Define $g=\inf_sg_s$. If $g_s$ is upper semicontinuous then so is $g$?

Question

Define $g_s(x)=\begin{cases}1\quad x\in\overline {V_s}\\s\quad o.c. \end{cases}$

$s\in(0,1).$

$g_s$ is upper semicontinuous because $\{x:g_s(x)<a\}$ for all $a$ real is open.

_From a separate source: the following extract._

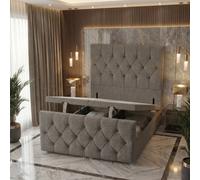 Somnior Ziggy Storage Ottoman Divan Base 54" Headboard & 22" Footboard Linen in Silver | Size: King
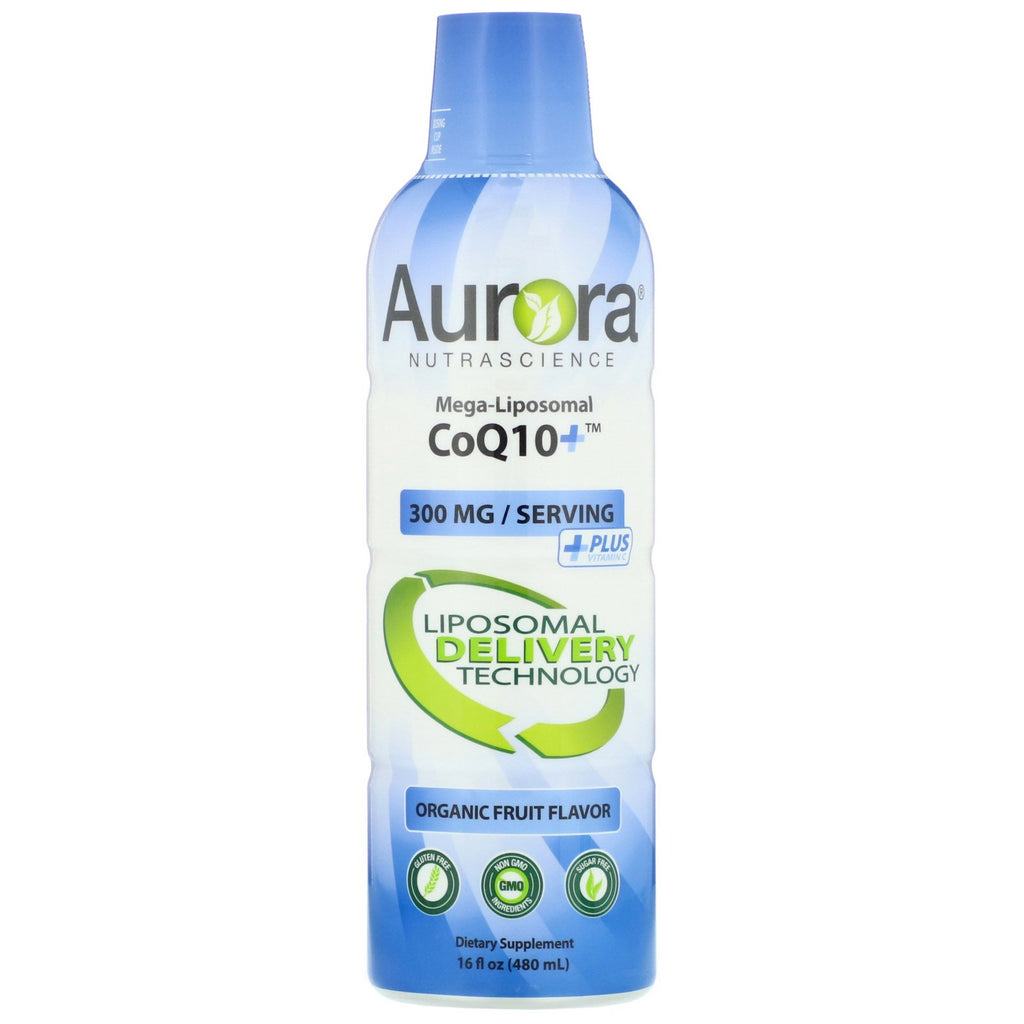 Aurora Nutrascience, Mega-Liposomal CoQ10+, Organic Fruit Flavor, 300 mg, 16 fl oz (480 ml)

Can we still say that $g=\inf_sg_s$ is upper semicontinuos?

Answer 1

$\{x:\inf g_s (x) <a\}=\cup_s \{x:g_s(x) <a\}$. since union of open sets is open it follows that $\inf_s g_s$ is upper semicontinuous.

Answer 2

Yes, the claim is true: fix $a\in\mathbb R$ and let $x_0\in V=\{x:g(x)<a\}$. By hypothesis, there is a $g_s$ such that $g_s(x_0)<r<a.$ And since $g_s$ is upper semicontinuous, there is an open set $U\ni x_0$ such that $x\in U\Rightarrow g_s(x)<r$. Thus, if $x\in U$, then $g(x)<g_s(x)<r<a$ so $V$ is open and so $g$ is upper semicontinuous.